4. Behind the Scenes: The Invisible Work of Dance
The idea for Line Dialogues began with a feeling when visiting the National Gallery the first time. I sensed that the still portraits in the National Gallery’s Central Hall were calling for interaction. But bringing these kinds of ideas into reality demands much more than imagination. It demands careful negotiation of space, logistics, safety, and, sometimes, resilience against institutional limits.
Planning a project as a freelance dance artist requires one to balance multiple different roles: choreographer, performer, facilitator, producer, and researcher. Usually all at once. As the National Gallery’s Central Hall became the chosen place for the proposal, I needed to know more about the Hall and went to visit again. Museums are carefully regulated environments, where sound and movement is controlled to protect valuable artwork. Knowing the etiquette and limits is essential when making embodied practice project proposals.

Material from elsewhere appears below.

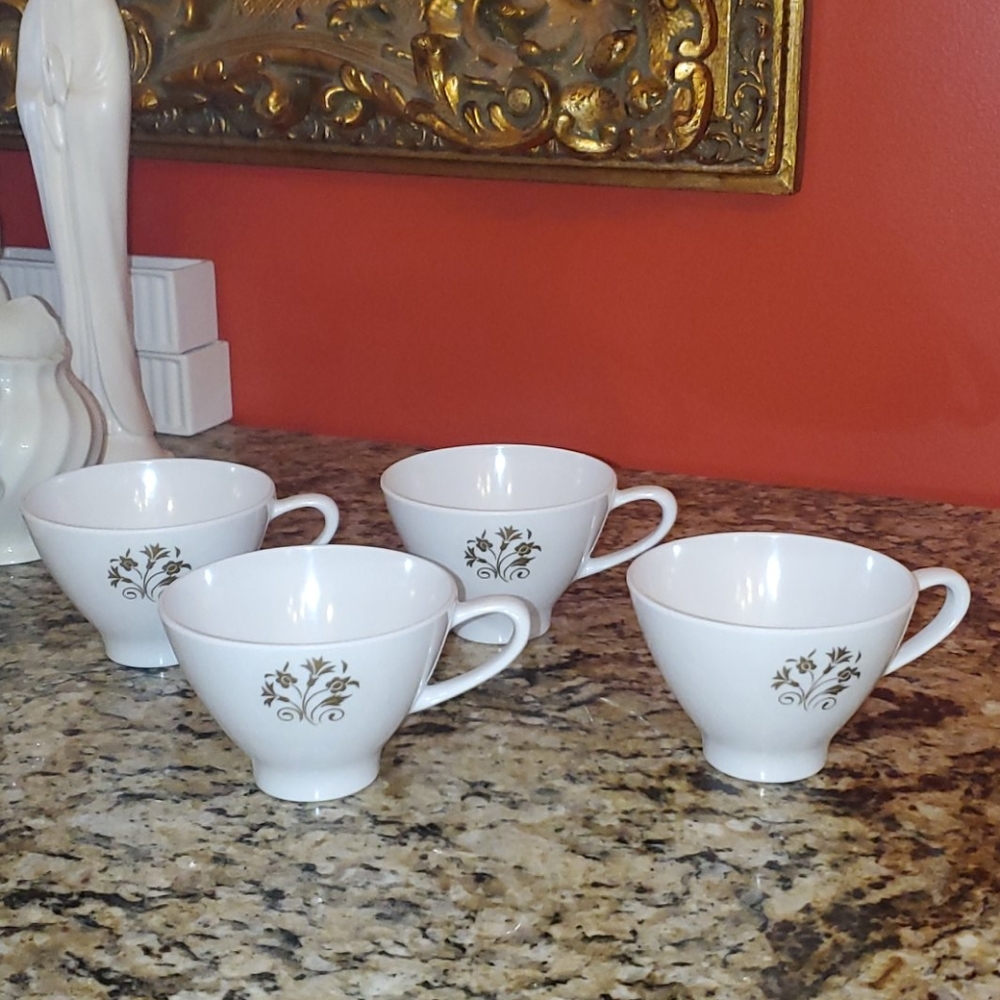 1104 Florence Vintage Prolone Cups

So, after planning the choreography at home, I returned to the National Gallery to observe the Central Hall in detail. I arrived a little over an hour before closing time, joining the entrance queue on the side of Trafalgar Square. Most visitors seemed to be tourists: families, couples, friends, though a few, like me, arrived alone. Entering the Gallery through a metal detector, I noticed the careful regulation of bodies at the threshold. The security team was guiding larger bags for inspection, channeling smaller ones through.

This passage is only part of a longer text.